__Exercise__
Reproduce the entries verbatim; no pictures.

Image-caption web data
=== Begin Enclosure ===

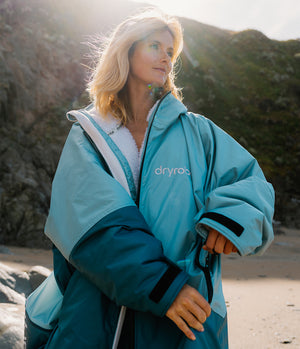 Person wearing a blue and teal dryrobe on a beach with mountains in the background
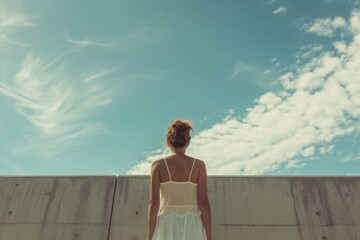 Fototapeta premium Woman in White Dress Standing Before Wall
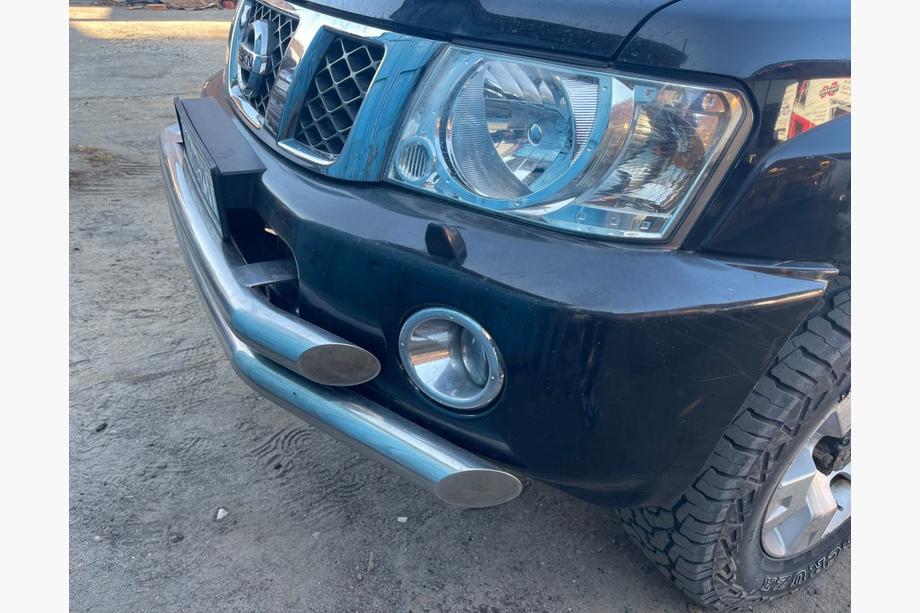Nissan Patrol Y61 1997-2011 рр. Передній бампер у зборі б.у. (2004-2008) Image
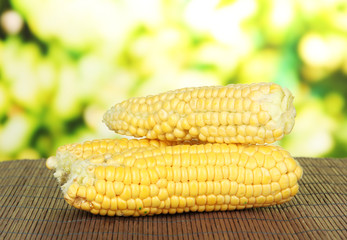 Fresh corn on bamboo mat, on bright background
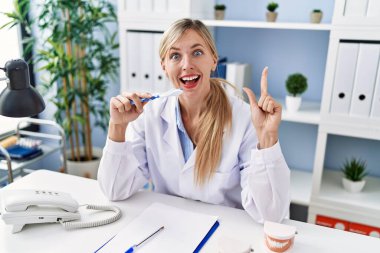 Beautiful dentist woman explaining how to brush teeth with toothbrush smiling with an idea or question pointing finger with happy face, number one 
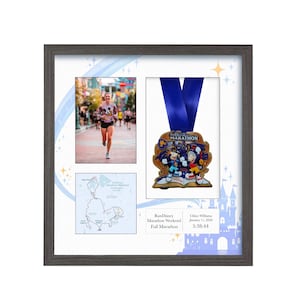 May include: Framed display with a marathon medal and blue ribbon, a photo of a runner, and a map. The medal features cartoon characters. The gray frame surrounds the images.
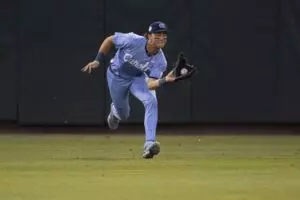 North Carolina Tar Heels outfielder Vance Honeycutt (7) makes a running catch against the Louisiana State Tigers in the eighth inning of the Div. I NCAA baseball regional at Boshamer Stadium. 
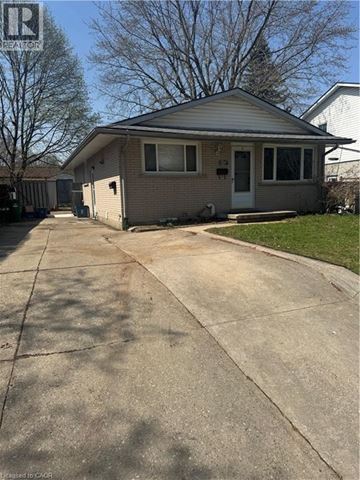 Kitchener apartment for rent - A house with a grey roof and a white door is shown.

=== End Enclosure ===

__Answer section__
 Person wearing a blue and teal dryrobe on a beach with mountains in the background
 Fototapeta premium Woman in White Dress Standing Before Wall
Nissan Patrol Y61 1997-2011 рр. Передній бампер у зборі б.у. (2004-2008) Image
 Fresh corn on bamboo mat, on bright background
 Beautiful dentist woman explaining how to brush teeth with toothbrush smiling with an idea or question pointing finger with happy face, number one 
 May include: Framed display with a marathon medal and blue ribbon, a photo of a runner, and a map. The medal features cartoon characters. The gray frame surrounds the images.
 North Carolina Tar Heels outfielder Vance Honeycutt (7) makes a running catch against the Louisiana State Tigers in the eighth inning of the Div. I NCAA baseball regional at Boshamer Stadium. 
 Kitchener apartment for rent - A house with a grey roof and a white door is shown.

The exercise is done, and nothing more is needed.